*TRY IT*.
A bare number is all that is needed: how many lines below contain the string "Lost"?

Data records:
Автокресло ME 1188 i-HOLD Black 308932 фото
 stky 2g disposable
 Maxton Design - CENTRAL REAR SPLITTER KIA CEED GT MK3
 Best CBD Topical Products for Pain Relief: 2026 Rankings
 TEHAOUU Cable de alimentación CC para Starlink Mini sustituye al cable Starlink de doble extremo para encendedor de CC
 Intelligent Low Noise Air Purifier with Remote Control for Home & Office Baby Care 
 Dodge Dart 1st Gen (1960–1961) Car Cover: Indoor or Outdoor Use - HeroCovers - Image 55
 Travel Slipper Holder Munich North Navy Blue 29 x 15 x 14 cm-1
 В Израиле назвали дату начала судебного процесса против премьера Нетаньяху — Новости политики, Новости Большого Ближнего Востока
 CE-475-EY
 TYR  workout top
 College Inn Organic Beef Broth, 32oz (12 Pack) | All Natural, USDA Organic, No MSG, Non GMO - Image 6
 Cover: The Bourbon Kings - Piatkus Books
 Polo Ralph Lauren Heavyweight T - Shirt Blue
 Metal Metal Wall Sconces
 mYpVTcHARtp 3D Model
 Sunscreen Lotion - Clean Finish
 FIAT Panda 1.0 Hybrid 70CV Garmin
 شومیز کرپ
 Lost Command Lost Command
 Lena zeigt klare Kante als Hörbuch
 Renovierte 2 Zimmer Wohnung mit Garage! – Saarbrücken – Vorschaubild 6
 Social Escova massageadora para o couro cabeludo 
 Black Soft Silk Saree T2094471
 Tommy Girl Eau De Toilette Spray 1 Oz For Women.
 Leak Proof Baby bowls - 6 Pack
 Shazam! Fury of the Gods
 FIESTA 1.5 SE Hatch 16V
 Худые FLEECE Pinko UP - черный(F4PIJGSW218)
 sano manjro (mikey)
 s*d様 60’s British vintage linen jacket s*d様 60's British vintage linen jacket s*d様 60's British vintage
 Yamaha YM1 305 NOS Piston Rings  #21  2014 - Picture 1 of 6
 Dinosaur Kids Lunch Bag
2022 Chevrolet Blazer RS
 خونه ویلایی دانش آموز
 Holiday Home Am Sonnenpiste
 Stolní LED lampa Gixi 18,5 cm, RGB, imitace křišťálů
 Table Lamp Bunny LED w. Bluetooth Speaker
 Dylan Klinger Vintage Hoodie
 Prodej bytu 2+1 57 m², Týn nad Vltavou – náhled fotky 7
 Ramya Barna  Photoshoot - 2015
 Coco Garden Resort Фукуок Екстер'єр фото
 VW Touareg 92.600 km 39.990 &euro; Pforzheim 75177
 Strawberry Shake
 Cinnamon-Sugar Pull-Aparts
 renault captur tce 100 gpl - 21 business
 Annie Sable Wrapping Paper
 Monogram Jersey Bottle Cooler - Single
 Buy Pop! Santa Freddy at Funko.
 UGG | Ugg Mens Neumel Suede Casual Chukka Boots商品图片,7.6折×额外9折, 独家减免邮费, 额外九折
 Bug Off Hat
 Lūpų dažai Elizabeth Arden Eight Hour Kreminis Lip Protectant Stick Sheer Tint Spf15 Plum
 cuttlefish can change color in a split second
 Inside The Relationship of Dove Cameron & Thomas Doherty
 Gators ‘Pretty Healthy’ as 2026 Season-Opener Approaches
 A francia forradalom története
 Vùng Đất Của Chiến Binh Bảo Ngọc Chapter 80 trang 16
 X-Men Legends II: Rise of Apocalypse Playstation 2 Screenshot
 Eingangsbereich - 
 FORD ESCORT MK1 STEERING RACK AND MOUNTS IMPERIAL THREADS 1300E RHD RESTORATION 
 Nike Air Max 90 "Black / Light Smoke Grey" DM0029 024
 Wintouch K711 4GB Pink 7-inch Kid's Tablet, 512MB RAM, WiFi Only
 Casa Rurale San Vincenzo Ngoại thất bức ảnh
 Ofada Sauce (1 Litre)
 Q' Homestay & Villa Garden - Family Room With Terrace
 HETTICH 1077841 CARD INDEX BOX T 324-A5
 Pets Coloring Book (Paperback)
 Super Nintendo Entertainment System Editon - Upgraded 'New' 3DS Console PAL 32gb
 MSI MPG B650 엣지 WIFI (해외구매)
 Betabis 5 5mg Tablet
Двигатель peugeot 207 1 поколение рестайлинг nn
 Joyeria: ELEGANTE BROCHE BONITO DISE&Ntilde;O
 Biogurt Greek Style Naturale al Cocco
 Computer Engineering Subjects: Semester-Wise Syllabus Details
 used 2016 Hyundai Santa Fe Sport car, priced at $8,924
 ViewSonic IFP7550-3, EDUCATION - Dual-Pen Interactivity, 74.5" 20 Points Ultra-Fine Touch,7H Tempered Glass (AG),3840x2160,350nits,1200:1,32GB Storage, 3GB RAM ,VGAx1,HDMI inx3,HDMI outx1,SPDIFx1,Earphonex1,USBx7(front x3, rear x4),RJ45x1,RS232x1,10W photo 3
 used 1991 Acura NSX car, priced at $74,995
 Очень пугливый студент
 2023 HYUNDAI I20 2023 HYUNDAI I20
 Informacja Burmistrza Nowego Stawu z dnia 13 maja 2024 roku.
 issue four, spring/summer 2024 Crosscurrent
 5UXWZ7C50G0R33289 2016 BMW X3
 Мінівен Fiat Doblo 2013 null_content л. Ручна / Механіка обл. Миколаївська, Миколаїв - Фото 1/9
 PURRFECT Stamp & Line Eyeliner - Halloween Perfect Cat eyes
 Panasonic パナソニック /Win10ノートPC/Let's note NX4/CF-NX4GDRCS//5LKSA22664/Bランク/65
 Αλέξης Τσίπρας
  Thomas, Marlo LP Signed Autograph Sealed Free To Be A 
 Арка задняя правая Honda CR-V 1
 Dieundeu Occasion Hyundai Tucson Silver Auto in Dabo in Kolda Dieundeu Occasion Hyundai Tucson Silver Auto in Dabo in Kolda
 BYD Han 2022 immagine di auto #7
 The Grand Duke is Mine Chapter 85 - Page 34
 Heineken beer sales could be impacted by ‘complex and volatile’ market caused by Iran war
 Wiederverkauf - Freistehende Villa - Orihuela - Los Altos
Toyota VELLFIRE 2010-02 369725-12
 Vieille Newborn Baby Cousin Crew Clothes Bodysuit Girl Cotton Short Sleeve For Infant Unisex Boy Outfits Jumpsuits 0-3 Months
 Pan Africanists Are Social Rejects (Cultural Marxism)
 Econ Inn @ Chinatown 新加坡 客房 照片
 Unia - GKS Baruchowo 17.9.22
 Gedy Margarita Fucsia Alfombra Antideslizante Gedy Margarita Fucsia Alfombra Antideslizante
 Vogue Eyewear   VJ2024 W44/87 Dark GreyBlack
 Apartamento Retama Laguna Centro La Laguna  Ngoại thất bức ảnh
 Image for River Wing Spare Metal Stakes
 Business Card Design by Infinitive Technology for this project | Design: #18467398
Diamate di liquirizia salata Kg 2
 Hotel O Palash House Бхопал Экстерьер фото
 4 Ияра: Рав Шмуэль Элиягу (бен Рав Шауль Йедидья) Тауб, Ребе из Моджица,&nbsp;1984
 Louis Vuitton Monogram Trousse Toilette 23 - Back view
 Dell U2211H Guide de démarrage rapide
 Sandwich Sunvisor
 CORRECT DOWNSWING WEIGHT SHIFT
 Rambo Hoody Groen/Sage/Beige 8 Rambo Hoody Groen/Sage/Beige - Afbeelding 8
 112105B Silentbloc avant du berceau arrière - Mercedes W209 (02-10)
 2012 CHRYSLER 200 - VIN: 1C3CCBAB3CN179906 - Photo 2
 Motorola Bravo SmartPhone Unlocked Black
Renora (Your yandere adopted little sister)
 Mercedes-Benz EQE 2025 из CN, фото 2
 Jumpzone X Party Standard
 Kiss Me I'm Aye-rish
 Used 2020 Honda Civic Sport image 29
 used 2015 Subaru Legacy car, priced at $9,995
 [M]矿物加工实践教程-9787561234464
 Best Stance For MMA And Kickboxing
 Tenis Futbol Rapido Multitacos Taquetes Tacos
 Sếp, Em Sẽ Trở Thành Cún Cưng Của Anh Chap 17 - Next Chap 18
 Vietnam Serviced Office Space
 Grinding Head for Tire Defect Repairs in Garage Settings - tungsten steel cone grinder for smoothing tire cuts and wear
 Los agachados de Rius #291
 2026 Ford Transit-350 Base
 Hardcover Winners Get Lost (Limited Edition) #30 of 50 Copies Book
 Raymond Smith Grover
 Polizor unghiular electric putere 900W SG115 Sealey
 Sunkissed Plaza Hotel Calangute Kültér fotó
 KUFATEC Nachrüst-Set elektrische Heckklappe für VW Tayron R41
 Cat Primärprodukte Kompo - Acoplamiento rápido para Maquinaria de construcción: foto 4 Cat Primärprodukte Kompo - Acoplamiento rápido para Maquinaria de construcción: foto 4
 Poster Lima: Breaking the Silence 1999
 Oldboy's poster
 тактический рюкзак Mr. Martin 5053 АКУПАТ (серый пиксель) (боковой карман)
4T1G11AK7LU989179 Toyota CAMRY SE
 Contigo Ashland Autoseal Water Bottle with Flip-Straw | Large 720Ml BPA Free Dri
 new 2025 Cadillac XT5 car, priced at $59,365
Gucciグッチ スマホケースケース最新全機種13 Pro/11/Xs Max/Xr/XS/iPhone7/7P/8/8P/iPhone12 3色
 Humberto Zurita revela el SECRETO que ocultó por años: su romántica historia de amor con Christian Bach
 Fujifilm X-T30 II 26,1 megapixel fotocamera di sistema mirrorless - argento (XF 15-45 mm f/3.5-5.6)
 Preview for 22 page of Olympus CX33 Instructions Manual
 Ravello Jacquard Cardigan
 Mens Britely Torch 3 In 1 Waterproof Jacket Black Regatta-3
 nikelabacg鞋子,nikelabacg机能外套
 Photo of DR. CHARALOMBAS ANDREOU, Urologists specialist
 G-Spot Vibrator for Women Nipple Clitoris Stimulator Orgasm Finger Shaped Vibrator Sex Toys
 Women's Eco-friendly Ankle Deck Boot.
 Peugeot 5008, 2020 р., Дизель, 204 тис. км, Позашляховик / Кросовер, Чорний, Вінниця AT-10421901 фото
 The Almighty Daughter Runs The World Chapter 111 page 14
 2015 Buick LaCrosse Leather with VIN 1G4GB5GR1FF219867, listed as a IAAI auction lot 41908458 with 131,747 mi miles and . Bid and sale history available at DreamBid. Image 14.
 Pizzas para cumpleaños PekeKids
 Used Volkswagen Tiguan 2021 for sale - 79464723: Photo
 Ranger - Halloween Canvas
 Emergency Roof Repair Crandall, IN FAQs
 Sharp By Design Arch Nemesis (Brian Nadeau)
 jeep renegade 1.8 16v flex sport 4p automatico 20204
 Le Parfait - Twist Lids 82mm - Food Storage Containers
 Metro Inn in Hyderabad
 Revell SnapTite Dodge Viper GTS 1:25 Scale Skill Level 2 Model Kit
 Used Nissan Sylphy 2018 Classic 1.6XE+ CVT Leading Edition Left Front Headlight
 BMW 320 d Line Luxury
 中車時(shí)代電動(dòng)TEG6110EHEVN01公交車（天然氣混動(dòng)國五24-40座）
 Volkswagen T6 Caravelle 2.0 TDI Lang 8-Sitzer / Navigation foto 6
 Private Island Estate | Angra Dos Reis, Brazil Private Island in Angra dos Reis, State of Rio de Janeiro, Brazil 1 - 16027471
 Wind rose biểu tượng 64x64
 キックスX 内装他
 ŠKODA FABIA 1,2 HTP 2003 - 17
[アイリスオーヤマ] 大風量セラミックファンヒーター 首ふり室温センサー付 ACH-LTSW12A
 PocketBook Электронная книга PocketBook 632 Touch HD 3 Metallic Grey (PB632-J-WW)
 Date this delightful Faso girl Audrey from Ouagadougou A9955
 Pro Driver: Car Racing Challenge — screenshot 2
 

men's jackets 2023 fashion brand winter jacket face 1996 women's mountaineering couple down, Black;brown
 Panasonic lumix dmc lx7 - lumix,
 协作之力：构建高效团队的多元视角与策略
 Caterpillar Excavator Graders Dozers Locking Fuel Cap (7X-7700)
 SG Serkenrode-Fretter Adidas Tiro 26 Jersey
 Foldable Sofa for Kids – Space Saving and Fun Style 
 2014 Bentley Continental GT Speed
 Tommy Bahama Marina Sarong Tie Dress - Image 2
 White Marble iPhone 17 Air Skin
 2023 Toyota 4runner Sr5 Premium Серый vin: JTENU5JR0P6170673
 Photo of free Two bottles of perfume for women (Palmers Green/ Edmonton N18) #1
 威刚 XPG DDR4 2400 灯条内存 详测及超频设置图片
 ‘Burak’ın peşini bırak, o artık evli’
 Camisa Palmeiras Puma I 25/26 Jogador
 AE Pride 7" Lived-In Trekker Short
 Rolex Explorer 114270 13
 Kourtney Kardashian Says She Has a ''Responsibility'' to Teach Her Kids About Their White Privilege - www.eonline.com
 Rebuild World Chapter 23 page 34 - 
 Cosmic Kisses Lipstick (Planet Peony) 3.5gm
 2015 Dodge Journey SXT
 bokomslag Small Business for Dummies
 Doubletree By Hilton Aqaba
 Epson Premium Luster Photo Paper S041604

*SOLVED PROBLEM*.
2